Another unique external factor was the opportunity that existed then thanks to expanding frontiers and seemingly unlimited natural resources. The US was conquering and expropriating land from native people, and distributing it to railroads, white homesteaders and land barons. Most of the major Gilded Age fortunes were tied to cornering a market and exploiting natural resources such as minerals, oil and timber. Even P.T. Barnum, the celebrated purveyor of individual success aphorisms, had to admit in The Art of Money-Getting that "in a new country, where we have more land than people, it is not at all difficult for persons in good health to make money."7 He might have added that it also helped to be male, to be free rather than a slave, and to be white. People of color were explicitly excluded from federal largesse. Alien land laws, for example, prohibited most non-whites from owning land. 
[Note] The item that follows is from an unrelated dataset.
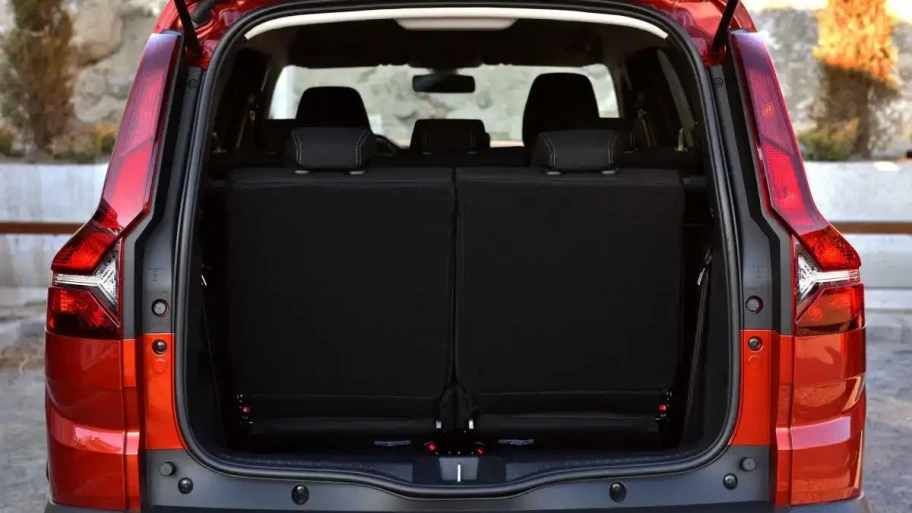 Dacia Jogger iç görseli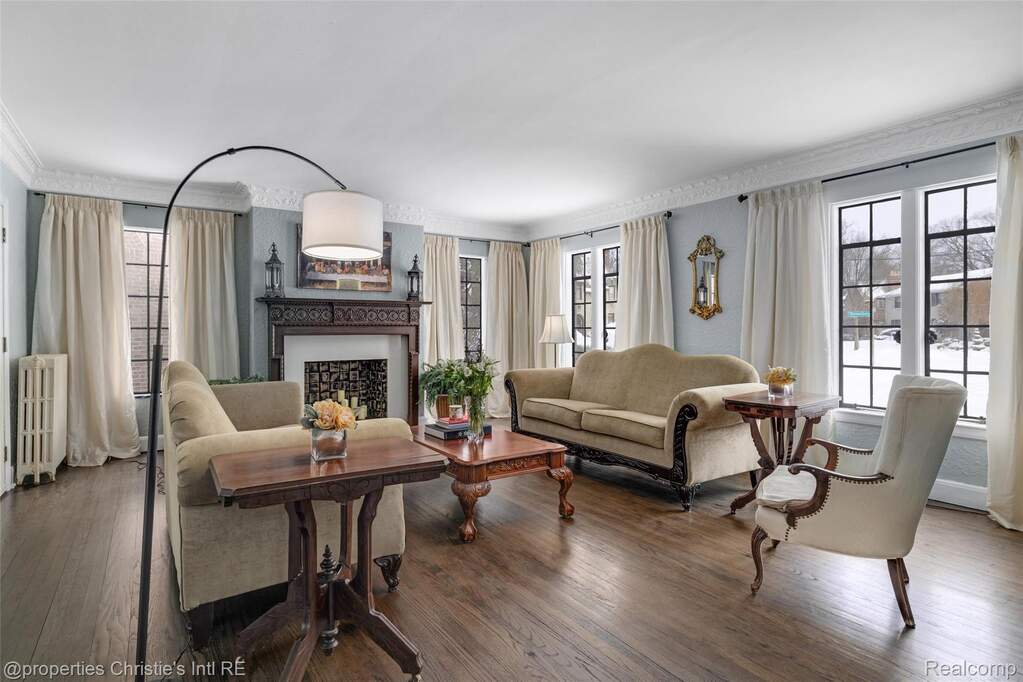 6 Bedroom Single Family Home/House's Image 7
Then there was the luck of timing. Those born in the first half of the 19 th century who survived the Civil War caught the wave of resource exploitation and industrial expansion. This was a time akin to the 1990s technology boom. Wyllie notes that from a statistical point of view, being born in 1835 was "the most propitious birth year for a poor boy who hoped to rise into the business elite."8 Andrew Carnegie hit this lottery perfectly. He was born in 1835, held a desk job during the Civil War and reached business maturity after the fighting ceased.
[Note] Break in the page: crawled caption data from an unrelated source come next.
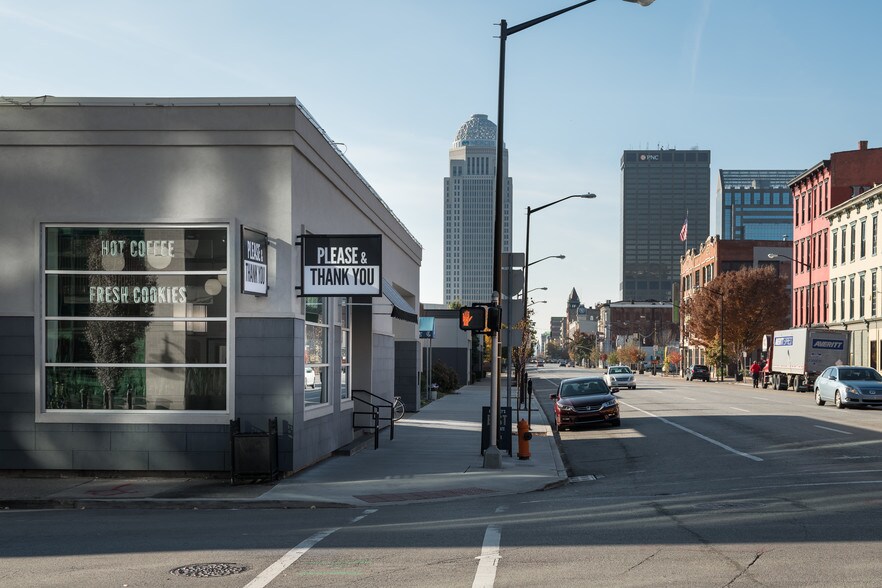 More Photos Of 252 E Market St, Louisville Storefront Retail Office For Lease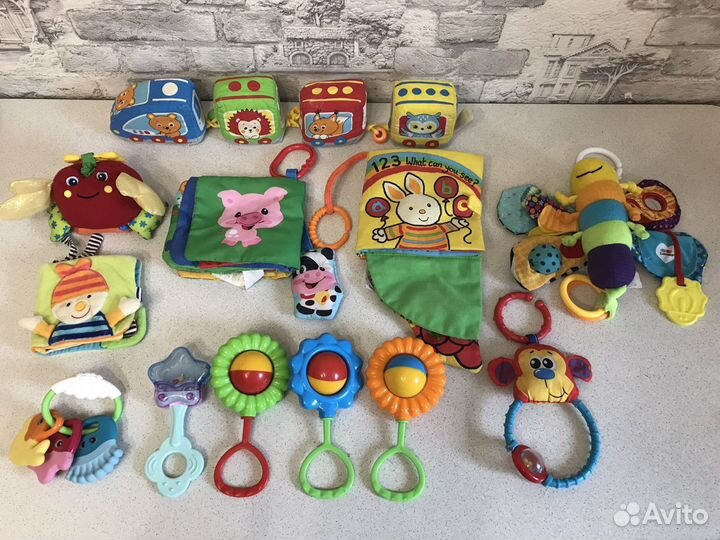 Игрушки подвески погремушки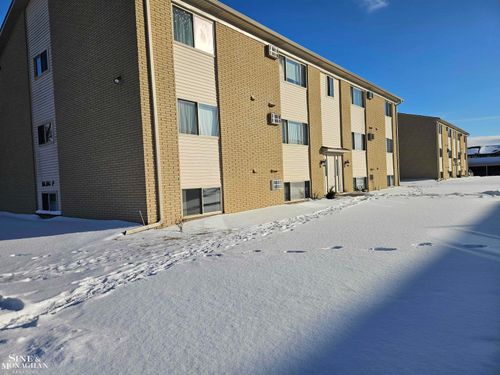 1875 Michigan Ave, Marysville, MI, 48040-1856 | Card Image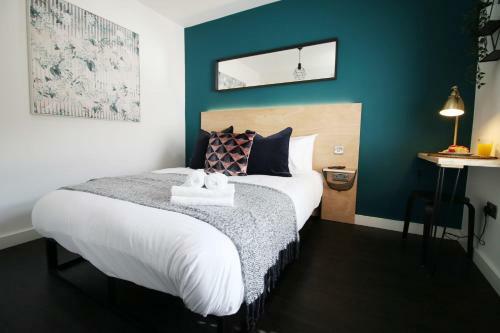 Aneurin House By Staybc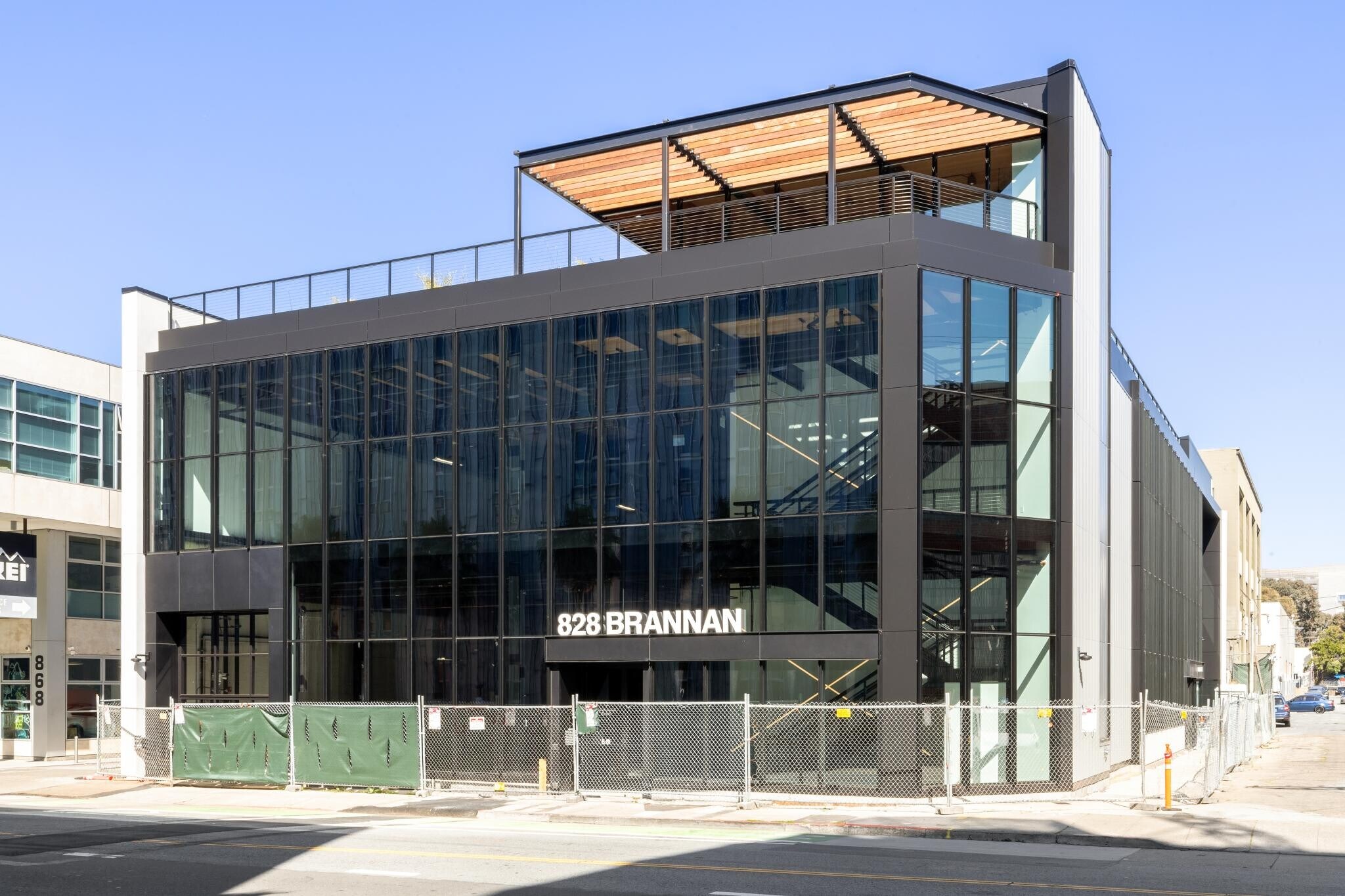 828 Brannan St, San Francisco, CA for lease Building Photo- Image 1 of 17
[...much later in the report...]

In 1962, [Ross] Perot founded Electronic Data Systems, a one-man data processing company that went on to employ more than 70,000 people. But in its early days, EDS owned no computers and rented office space from Texas Blue Cross. The company struggled to make a profit in its early years. In 1964 it had earnings of $400,000, but made only $4,100 in profit. But EDS was a company that was in the right place at the right time. 

In July of 1965, the US Congress passed legislation establishing the Medicare and Medicaid programs. A cornerstone of Lyndon Johnson’s Great Society initiative, these insurance programs would entitle 30 million US citizens to health benefits. This would in turn create an enormous volume of paperwork and an acute need for data processing systems. 

EDS moved into this enormous market, using its inside connection with Texas Blue Cross, the agency that would administer the federal program in Texas. Texas Blue Cross gave EDS its computer data business without any competitive bid. In their 1968 contract with Texas Blue Cross, EDS was paid $250,000 to develop a computer program to process Medicare claims. While government funds paid for research and development of the system, EDS retained ownership of the program. Essentially, the research and development costs for EDS’s main product were paid for with tax dollars.

Gerald Posner, in his biography of Perot, called him the "Welfare Billionaire":

The EDS program, developed with the help of Texas Blue Cross and paid for by federal funds, was the same one that Perot kept reselling at a significant profit to other states...The issue was of no small consequence, because between 1966 and 1971...the federal government paid EDS $36 million. Its closest competitor during the same time, Applied Systems Development Corporation, received just $275,000. 54

The EDS Medicare contract was a windfall. There is no question that the early relationship with Texas Blue Cross helped build the company and enabled it to catch a veritable wave of opportunities.

Go read the full report. It has numerous other examples of millionaires who became millionaires in large part due to Government spending (and some, who later claimed to be against big Government while continuing to increase spending to benefit their contacts). 

The bottomline is this: Using pre-conceived notions  or ideology or sound bites from ignorant millionaire talking heads on TV or op-ed writers in the media is not the best way to judge which party does better on the economy. Reality is a  better judge of reality.